Wherein the second obtaining unit is further configured to perform the following operations: repeatedly performing the following operations until the obtained target neural network model determines that the similarity between the first number of training images in the first image set and the corresponding positive sample images is greater than a first threshold value, and determines that the similarity between the second number of training images in the first image set and the corresponding negative sample images is less than a second threshold value: acquiring a group of triples from the triple set; sequentially inputting a group of triples to an initial neural network model, wherein the initial neural network model comprises a convolutional layer, a pooling layer and a full-link layer, the convolutional layer, the pooling layer and the full-link layer are used for acquiring image features of training images, image features of positive sample images and image features of negative sample images, the image features of the training images, the image features of the positive sample images and the image features of the negative sample images, the first distance between the image features of the training images and the image features of the positive sample images and the second distance between the image features of the training images and the image features of the negative sample images; and in the case that the number of training images with the first distance larger than the first threshold value in the first image set is smaller than the first number, or the number of training images with the second distance larger than the second threshold value in the first image set is smaller than the second number, adjusting partial parameters in the convolutional layer, the pooling layer and the fully-connected layer, and/or adjusting the connection relation of the convolutional layer, the pooling layer and the fully-connected layer.

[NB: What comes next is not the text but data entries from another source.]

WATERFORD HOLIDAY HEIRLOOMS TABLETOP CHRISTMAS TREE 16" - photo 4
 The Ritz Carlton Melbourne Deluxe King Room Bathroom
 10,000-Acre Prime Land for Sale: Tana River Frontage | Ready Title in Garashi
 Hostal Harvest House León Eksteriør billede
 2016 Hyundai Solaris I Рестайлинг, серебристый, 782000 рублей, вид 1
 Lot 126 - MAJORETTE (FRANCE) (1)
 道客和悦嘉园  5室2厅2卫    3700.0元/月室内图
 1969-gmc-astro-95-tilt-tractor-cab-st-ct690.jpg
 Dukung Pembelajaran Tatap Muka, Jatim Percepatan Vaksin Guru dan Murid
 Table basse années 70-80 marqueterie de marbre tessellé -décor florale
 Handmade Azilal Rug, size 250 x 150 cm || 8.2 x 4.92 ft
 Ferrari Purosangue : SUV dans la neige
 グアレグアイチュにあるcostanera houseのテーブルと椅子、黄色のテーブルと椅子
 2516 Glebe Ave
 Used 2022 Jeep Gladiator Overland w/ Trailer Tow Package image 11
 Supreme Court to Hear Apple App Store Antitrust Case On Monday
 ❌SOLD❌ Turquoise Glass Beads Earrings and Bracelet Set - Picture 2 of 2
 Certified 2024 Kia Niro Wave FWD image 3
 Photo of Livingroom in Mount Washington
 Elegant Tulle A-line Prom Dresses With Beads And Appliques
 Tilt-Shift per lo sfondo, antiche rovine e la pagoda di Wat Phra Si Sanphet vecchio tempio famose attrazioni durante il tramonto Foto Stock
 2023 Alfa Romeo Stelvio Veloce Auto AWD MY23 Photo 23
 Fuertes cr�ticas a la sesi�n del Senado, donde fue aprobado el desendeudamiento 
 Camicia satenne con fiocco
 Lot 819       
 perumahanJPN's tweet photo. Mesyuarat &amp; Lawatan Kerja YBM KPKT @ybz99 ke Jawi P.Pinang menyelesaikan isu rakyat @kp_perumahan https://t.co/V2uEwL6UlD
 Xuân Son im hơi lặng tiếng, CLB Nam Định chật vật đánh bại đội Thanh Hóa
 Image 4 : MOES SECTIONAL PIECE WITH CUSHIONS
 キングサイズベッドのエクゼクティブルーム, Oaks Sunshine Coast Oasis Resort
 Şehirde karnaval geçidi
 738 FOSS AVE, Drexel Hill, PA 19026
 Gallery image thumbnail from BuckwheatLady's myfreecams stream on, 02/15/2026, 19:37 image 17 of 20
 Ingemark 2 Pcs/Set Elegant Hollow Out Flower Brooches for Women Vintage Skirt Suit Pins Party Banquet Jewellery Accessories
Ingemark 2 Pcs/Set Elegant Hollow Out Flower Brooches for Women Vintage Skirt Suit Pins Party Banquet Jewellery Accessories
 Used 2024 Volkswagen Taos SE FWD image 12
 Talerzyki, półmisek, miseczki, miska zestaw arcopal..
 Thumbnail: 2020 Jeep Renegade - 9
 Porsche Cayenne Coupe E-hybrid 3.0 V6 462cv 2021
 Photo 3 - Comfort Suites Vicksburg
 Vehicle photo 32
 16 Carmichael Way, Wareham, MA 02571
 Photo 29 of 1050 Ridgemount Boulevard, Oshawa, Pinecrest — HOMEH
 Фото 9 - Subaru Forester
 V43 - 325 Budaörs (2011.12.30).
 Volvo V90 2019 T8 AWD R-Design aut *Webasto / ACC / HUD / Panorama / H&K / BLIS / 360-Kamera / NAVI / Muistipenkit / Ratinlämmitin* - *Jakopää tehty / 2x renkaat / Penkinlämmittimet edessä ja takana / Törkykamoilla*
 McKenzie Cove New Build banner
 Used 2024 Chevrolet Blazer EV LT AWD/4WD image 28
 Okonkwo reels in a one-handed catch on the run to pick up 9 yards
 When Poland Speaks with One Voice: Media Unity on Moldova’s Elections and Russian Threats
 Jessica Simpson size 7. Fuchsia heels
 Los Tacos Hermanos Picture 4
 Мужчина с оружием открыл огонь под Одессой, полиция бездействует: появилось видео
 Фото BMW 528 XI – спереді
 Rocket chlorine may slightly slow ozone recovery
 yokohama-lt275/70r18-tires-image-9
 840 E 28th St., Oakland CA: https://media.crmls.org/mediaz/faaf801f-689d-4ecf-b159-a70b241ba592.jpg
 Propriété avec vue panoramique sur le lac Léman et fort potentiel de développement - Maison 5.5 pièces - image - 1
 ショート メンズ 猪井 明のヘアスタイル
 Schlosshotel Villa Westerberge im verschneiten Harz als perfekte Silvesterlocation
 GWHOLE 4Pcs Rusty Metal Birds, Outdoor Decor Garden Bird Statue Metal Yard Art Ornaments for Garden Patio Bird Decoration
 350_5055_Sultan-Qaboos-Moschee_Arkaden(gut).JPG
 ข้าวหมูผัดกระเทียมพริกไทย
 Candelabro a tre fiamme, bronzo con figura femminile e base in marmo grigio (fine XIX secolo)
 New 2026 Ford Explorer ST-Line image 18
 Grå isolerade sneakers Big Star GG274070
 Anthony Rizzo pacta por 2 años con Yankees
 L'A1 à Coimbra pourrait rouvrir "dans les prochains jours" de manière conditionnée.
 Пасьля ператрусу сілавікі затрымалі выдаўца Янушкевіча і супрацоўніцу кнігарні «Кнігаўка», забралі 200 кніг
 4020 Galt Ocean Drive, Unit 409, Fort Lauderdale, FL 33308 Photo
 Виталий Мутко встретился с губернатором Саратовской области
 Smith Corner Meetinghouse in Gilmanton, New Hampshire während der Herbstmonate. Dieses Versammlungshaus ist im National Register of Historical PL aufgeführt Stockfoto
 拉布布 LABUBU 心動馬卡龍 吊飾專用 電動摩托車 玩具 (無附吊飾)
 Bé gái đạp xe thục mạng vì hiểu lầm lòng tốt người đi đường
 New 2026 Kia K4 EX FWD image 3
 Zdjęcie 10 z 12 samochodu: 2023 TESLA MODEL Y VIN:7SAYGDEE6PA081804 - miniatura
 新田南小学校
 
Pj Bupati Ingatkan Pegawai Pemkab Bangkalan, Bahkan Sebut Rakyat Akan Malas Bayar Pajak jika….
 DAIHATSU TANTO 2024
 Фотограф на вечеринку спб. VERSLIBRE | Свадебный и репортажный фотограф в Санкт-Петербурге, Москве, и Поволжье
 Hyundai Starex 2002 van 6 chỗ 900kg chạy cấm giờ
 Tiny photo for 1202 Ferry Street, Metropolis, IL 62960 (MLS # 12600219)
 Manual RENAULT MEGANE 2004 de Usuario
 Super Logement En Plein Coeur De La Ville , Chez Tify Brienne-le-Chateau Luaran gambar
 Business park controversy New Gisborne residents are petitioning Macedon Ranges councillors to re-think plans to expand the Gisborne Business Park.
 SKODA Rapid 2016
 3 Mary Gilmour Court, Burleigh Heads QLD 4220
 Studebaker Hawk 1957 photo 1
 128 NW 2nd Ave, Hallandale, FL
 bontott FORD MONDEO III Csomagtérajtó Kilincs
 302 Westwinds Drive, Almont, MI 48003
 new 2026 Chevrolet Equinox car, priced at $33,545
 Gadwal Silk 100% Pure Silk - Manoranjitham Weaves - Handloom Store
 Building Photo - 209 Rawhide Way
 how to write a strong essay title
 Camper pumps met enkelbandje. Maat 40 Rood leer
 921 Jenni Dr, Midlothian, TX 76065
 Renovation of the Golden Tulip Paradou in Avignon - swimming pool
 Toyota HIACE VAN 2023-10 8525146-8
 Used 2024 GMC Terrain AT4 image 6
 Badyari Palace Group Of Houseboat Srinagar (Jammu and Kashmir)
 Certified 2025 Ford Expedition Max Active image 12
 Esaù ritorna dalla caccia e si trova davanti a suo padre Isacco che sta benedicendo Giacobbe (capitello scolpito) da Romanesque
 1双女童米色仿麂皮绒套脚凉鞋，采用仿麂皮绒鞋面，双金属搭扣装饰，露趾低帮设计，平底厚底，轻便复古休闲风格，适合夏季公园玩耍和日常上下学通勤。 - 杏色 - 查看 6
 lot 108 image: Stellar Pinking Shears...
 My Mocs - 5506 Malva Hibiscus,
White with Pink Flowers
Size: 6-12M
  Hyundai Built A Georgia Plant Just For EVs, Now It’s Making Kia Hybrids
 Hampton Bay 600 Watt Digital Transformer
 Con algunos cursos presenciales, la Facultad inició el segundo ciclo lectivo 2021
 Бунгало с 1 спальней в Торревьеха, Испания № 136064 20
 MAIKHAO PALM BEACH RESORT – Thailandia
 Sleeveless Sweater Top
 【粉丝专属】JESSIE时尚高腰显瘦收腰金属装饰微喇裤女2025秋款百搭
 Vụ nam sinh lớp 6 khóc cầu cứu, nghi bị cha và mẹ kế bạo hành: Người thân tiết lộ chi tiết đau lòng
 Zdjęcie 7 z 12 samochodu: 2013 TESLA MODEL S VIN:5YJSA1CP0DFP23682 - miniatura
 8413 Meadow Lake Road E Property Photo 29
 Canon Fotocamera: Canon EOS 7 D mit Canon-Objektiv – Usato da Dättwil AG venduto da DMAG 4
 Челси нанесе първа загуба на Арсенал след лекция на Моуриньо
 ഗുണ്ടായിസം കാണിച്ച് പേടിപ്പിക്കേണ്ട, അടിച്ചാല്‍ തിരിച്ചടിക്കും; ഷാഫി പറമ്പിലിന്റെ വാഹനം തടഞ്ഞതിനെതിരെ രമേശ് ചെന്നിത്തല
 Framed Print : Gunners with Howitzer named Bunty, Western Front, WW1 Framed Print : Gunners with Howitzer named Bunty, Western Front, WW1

As an alternative embodiment, the execution unit 805 may include: the calculation module is used for extracting the characteristics of the target test image through the neural network model and calculating the distance between the characteristics of the target test image and the characteristics of the target training image; the storage module is used for storing the target training image corresponding to the target test image into an undetermined database under the condition that the distance is smaller than a third threshold value; and the determining module is used for determining the target test image with the earliest time stored in the database as the target test image corresponding to the target training image.

As an alternative embodiment, the apparatus is further configured to perform the following operations: and after the target test image stored in the database at the earliest time is determined as the target test image corresponding to the target training image, matching the target test image with all the target training images under the condition that the distance between the features of the target test image and the features of the target training image is greater than a fourth threshold value, and re-determining the target training image corresponding to the target test image.

As an alternative embodiment, the execution unit 805 includes: the acquisition module is used for acquiring a target training image of a target under the condition that the size of the acquired target testing image is different from that of the target training image; and the scaling module is used for scaling the size of the target test image to the size of the target training image.

For example, the size of the acquired target test image is enlarged to 100 × 100, or the size of the acquired target test image is reduced to 100 × 100.

According to a further aspect of the embodiments of the present invention, there is also provided an electronic device for implementing the method for operating an object, as shown in fig. 9, the electronic device includes a memory 902 and a processor 904, the memory 902 stores a computer program, and the processor 904 is configured to execute the steps in any one of the method embodiments by the computer program.

Optionally, in this embodiment, the electronic apparatus may be located in at least one network device of a plurality of network devices of a computer network.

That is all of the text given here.